2009-05-07

odyssey of a session - Part 1

Today a single session made my day!
In the later morning I got a call form a colleague. I would call him a kind of ApplicationDBA, even there is no such definition in our company. He asked my, why a particular session is doing a lot of sorts in gv$session_longops. He also tole me, what the session was doing:
this script was started in the early morning by an operations-guy:

drop materialized view MV;

CREATE MATERIALIZED VIEW MV
TABLESPACE MVIEW_DATA
NOCACHE
NOLOGGING
NOPARALLEL
REFRESH FAST WITH ROWID
AS
select * from USER.TABLE@LINK;

CREATE INDEX I1 ON MV
(...)
LOGGING;

CREATE INDEX I2 ON MV
(...);

CREATE INDEX I3 ON MV
(...)
;

CREATE INDEX I4 ON MV
(...)
;

CREATE INDEX I4 ON MV
(...)
;

CREATE INDEX I5 ON MV
(...)
;

CREATE INDEX I6 ON MV
(...)
;

CREATE INDEX I7 ON MV
(...)
;

CREATE INDEX I8 ON MV
(...)
;

CREATE INDEX I9 ON MV
(...)
;

CREATE INDEX I10 ON MV
(...)
;

CREATE INDEX I11 ON MV
(...)
;

CREATE INDEX I12 ON MV
(...)
;

CREATE INDEX I13 ON MV
(...)
;

GRANT SELECT ON MV TO USER1;

--currently running as snapadmin:

exec dbms_snapshot.refresh('USER.MV ','c');
In fact, I did not know what's going on. But that's enough teason to start digging.
And as the session did run for some time now, I was pretty sure it would continue to do so and therefore give me enough time to search and think. (Yes, some Services where unavailable, but he agreed not to kill any session or reboot an instance without knowing what's going on).

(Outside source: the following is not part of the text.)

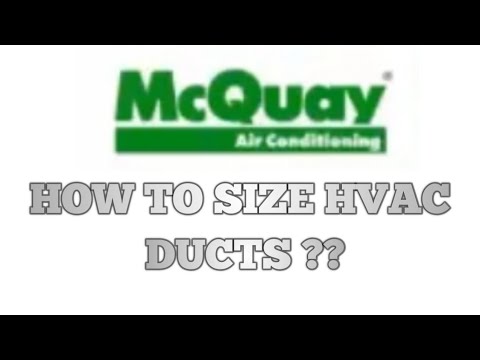 mcquay duct sizer online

My first search was the actual SQL (v$session sql_hash_value => v$sql_text).
It was something like
INSERT /*+ APPEND */ INTO MV AS
SELECT .... FROM
USER.TABLE@LINK;
I told my colleague about this, but he replied 'Yes, but I checked the MV, it's empty'.
Ok, this even I could explain by a simpe 'ASIC' - or in this phone call 'you will see the rows after the commit, and this can last'.
This answer was acceptable, but nevertheless, the legitimate question was 'how long will it run; and wehre is it standing right now?'
How to answer this?
v$session_longops
Does only give informations about the 'current' longop, not about the total transaction.

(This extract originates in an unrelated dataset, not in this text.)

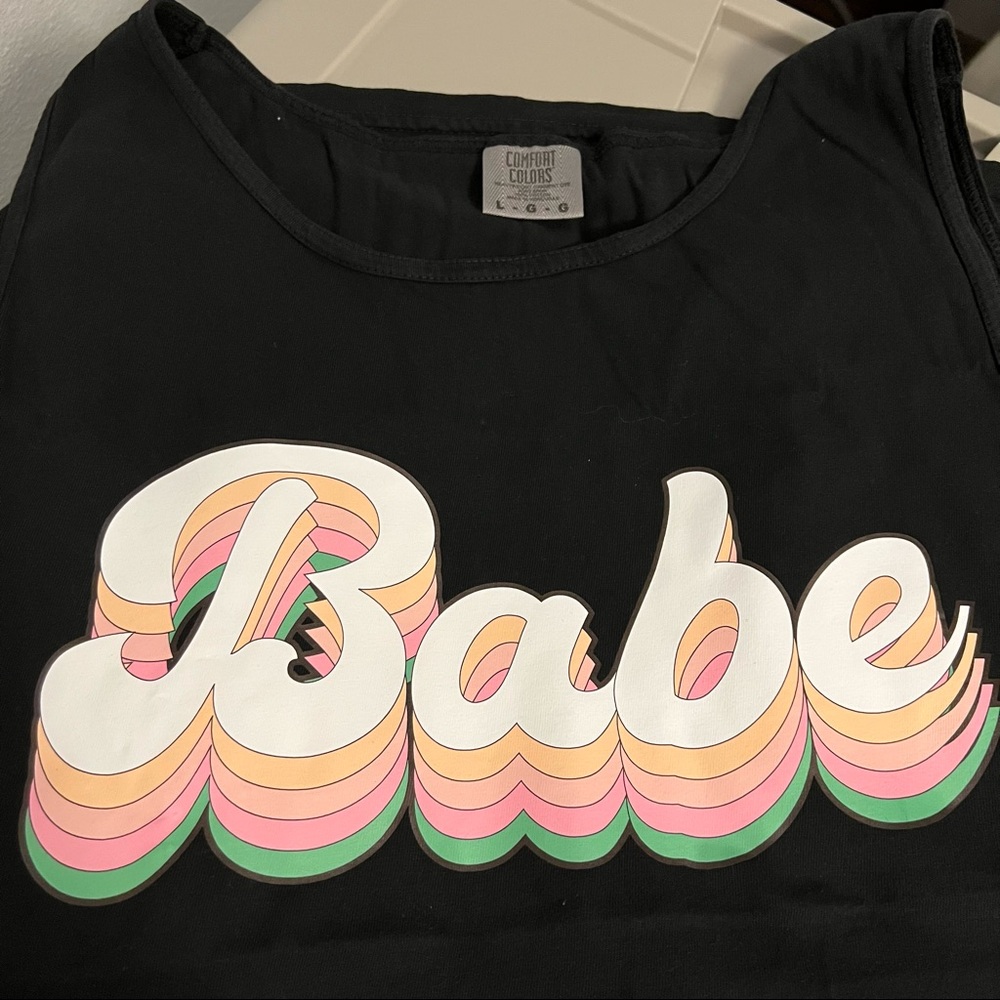 Babe comfort colors tank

But as we assumed, there might be indices written right now (vsession_longops showed sort and sort merges), the next step was to check anything we can get about the indices.
Even we could not access them directly, we could check for some footprints:
select seg.owner, seg.segment_name, seg.segment_type, (sum(blocks)*8192)/(1024*1024) MB
from dba_segments seg, dba_indexes ind
where ind.table_owner ='OWNER and ind.table_NAME='MV'
and ind.owner = seg.owner
and ind.index_name = seg.segment_name
group by seg.owner, seg.segment_name, seg.segment_type
order by MB desc
/
By sampling this query we saw some full populated indices, and one just growing. So even for us it was clear what's going on: the indices are calculated and populated.

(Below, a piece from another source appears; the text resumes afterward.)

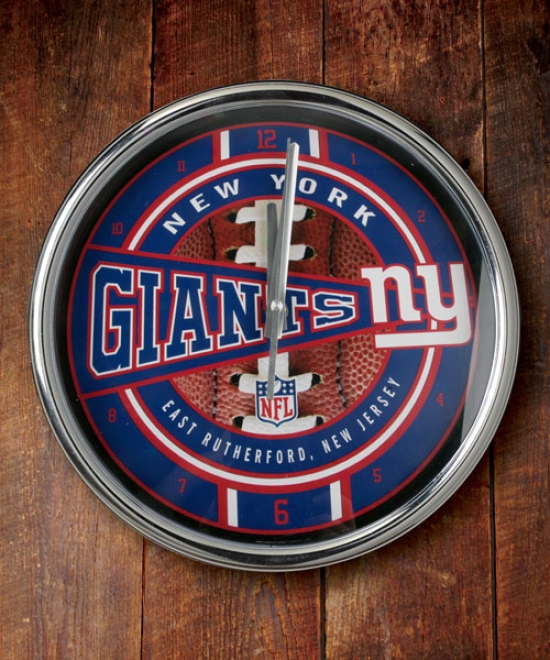 New York Giants Chrome Clock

The next question I had to face was 'why is the index-creation so slow?'
Hmmm. Who can answer this?
manual sampling vsession_wait gave some hints:
some gc... events and latches on the buffer where top.
(Did I mention, this is on a 2-node RAC? ;-) )

It was time to switch to the other node and check for running sessions which has also cache fusion waits, and could interfer with our session of the day.

After some sampling and searching (vsession, vsession_wait, later on vsql_text) and additional clicking in Grid control (yes, it can be useful!) I found a possible culprit:
USER1 run a lot of queries on a view which contains USER.MV.
I didn't proove, but I guess, Instance2 held the master for MV as there where 100 sessions hanging on the View. But I didn't care of - GV$GCSPFMASTER_INFO - I just wanted to get rid of all the cache-fusion waits until the MV is created.
Some might have seen the solution for this yet, it's not hidden.
Our Silver Bullet of The Day was a simple:
REVOKE SELECT ON MV FROM USER1;
(had to be run for several times, as there where DDL-timeouts...))

Afterwards, the index-creation run quite fast - fast enough for us.

It's not the end of the story, but enough for now,
just to leave enough space for Part 2 ;-)

Some infos at the end:
Many parts I can not explain in more detail, simply as I didn't log everything I did and therefore have no exact queries, output or whatever. (Maybe this is the most important area to improve myselve!)
I also used Tanel Poders latchprofx and snapper to collect well sampled data about the session.